Victoria Reyes-Garcia ICTA-UAB

The project, titled “Research on Indigenous Data Governance Protocols” (RIDaGoP), will help create a toolkit to work with Indigenous peoples on improving governance mechanisms to protect their knowledge systems, as information become increasingly present in the digital world. RIDaGoP aims to contribute to the operationalization of Indigenous data governance and sovereignty principles within open-data research contexts, using the ERC-funded LICCI project as a case study.

Worth €150.000 each, this top-up funding is awarded to ERC grantees to explore the innovation potential of their scientific discoveries and bring the results of their frontier research closer to market or society. With the additional money researchers can, for example, investigate business opportunities, establish intellectual property rights, conduct technical validation, or explore the social benefits of their frontier research findings.
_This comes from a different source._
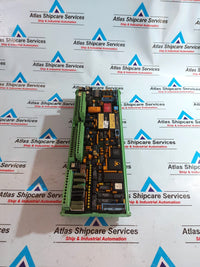 STN ATLAS DZM 402 SPEED RELAY MODULE 271.149 289/C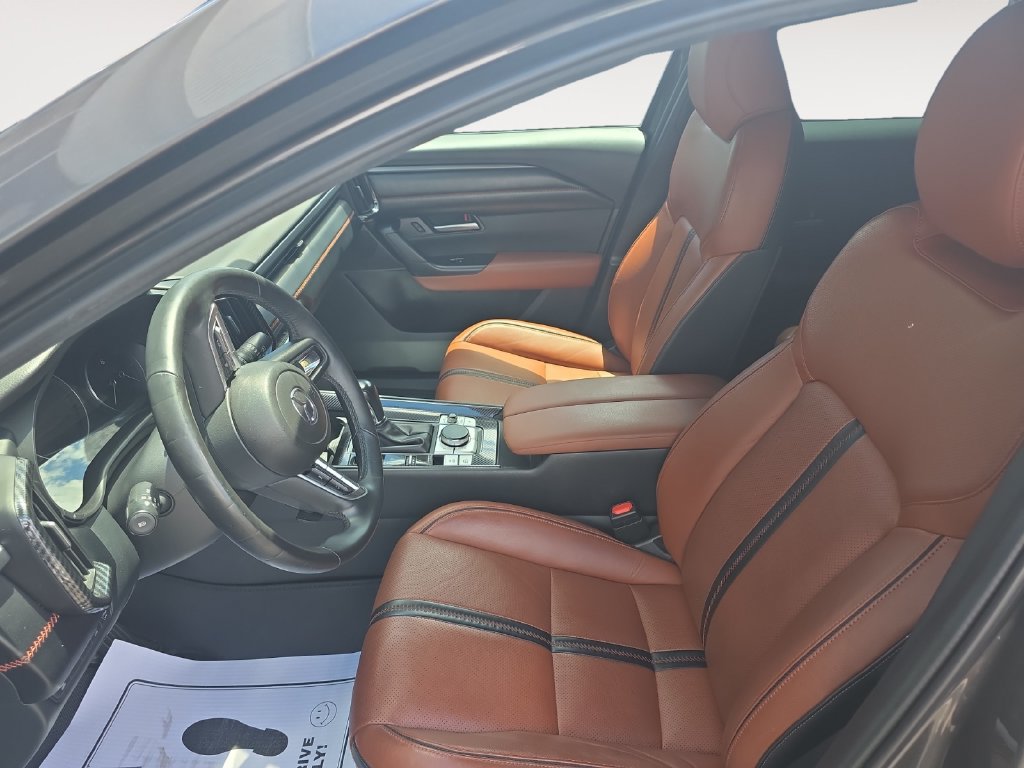 Used 2023 MAZDA CX-50 AWD 2.5 Turbo w/ Premium Pkg image 9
The ERC project Local Indicators of Climate Change Impacts (LICCI) explores the potential of Indigenous and local knowledge (ILK) to contribute to climate change research, partly by collecting and publishing the data on a citizen science platform (OpenTEK). In 2020, the project received additional funding to create LICCI Observation Network (LICCION), aimed at strengthening the recognition and participation of Indigenous peoples and local communities (IPLC) in regional and international policy decisions around climate change impacts, mitigation and adaptation measures. The new grant will help the LICCI team, led by Victoria Reyes-García, to create a toolkit to work with Indigenous peoples and their knowledge systems as culturally significant information becomes increasingly digitalized, especially in open-data research contexts.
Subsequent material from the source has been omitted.